Sunday, April 22, 2012

The Bible and the Liberal Arts (reposted)

     Because the Bible God inspired is a historical and literary artifact, you can't understand the history and literature of the Bible unless you already have read and understood vast amounts of other history and literature.  That necessity yields this observation:  A prior revival of languages and literature is the precursor for a recovery or revival of Biblical understanding and Biblical truth.
          Because learning precedes theological recovery, the Reformation could not have happened until the Renaissance had re-discovered the classical tools of learning and culture, thus making a more accurate reading of the Bible possible.  Enlightened theologians like Erasmus, a Catholic, and Calvin, a  Protestant, thereby were enabled to transcend the blinding myopia and constrained techniques of the medieval schoolmen.  Those schoolmen were beholden to, and misguided by, slavish obeisance to Aristotle (among other things).  Fealty to Aristotle and his truncated methods is not the same as acquiring the wide-ranging historical, literary, cultural, and theological knowledge needed to read and apply the Bible properly.  That is the case whether you are a philosophical realist like Thomas Aquinas, or a nominalist like William of Ockham, or neither.   After all, you'll recall that Jesus and Paul, pretty fair theologians in their own right, were neither, and that neither of them employed Aristotle's methods or rubric in their explication or application of Scripture to life in a fallen world.  Nor should we, at least if we want to have the mind of Christ, as we are commanded.

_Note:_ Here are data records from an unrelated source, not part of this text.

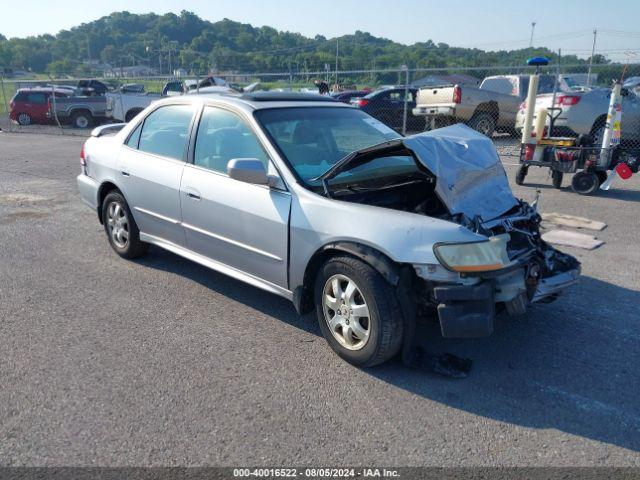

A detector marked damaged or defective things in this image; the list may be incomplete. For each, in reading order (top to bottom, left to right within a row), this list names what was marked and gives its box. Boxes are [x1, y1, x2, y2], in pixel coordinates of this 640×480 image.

damaged silver car [75, 92, 580, 366]
crumpled hood [404, 124, 520, 221]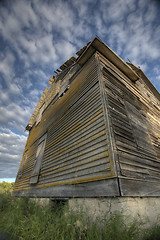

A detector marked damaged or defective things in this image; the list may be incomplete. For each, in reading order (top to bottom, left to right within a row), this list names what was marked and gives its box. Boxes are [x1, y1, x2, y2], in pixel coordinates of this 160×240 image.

broken window [29, 133, 47, 184]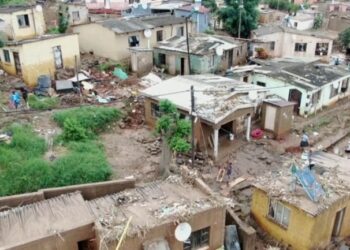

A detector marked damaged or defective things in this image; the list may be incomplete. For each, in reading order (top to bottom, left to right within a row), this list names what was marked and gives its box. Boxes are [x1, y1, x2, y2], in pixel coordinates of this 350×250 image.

damaged house [0, 5, 80, 86]
damaged house [71, 15, 191, 62]
damaged house [154, 33, 249, 75]
damaged house [250, 58, 350, 116]
damaged house [141, 74, 266, 160]
damaged house [0, 176, 227, 250]
broken window [183, 227, 211, 250]
broken window [268, 200, 290, 228]
damaged house [252, 152, 350, 250]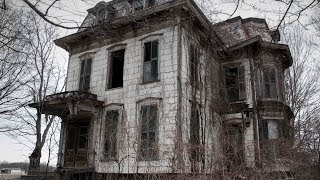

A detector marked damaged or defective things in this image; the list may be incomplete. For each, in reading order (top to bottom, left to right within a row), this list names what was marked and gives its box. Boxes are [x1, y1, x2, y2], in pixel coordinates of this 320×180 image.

broken window [108, 49, 124, 89]
broken window [225, 66, 245, 102]
broken window [140, 105, 159, 160]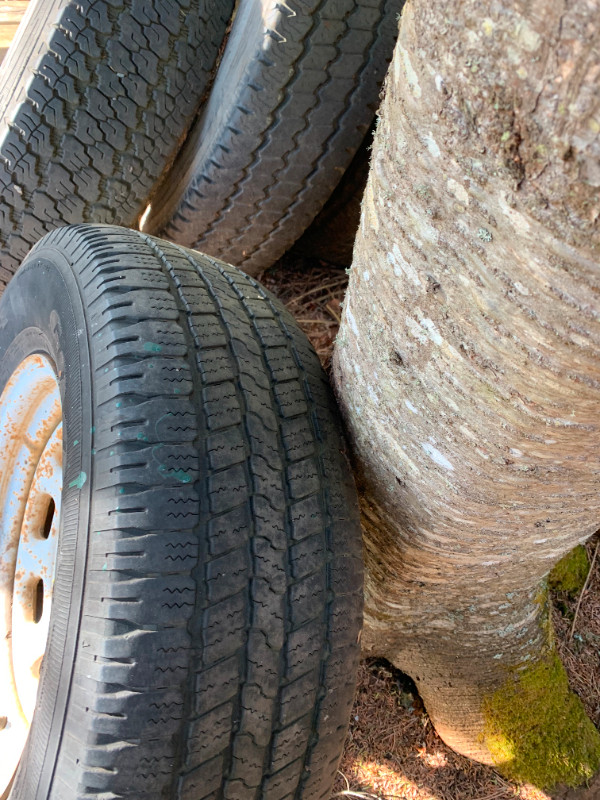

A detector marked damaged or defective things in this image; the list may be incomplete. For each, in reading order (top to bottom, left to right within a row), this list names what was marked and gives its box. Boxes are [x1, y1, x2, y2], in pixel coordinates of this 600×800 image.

          To be rightly educated for theology is be educated in a way both deep and wide.  Deep and wide go together and are mutually corrective.  You must not have one without the other.  Deep without wide is tunnel vision; wide without deep is peripheral vision.  Alone, neither one is full and integrated sight.  Even at their best, the medieval schoolmen were subject to tunnel vision.  They thought that Aristotle's shrunken methods, rubric, and conclusions were the key to understanding the Bible, theology, and apologetics aright, as if being ignorant of history, language, and literature were no small hindrance to insight, a failure Erika Rummel has detailed admirably in her The Humanist-Scholastic Debate in the Renaissance and Reformation (Cambridge:  Harvard, 1995).  Outside the narrow confines of scholastic dialectics, the schoolmen were desperately under-informed.  Because they were, they did not know the damage they were inflicting upon theology by mainstreaming Aristotle and his pagan methods and presuppositions into western religious thought.  They did not recognize the vast difference, and frequent incompatibility -- in worldview, content, or intellectual technique -- between, say, the ancient Jews, on the one hand, and their ancient pagan contemporaries, on the other.  Put differently, you cannot move seamlessly back and forth between Isaiah and Aristotle, David and Avicenna, or Elijah and Averroes.  Nor, for that matter, can you do so between Plato and Moses or Epicurus and Peter, as if worldviews and their attendant implications in all directions were nothing significant.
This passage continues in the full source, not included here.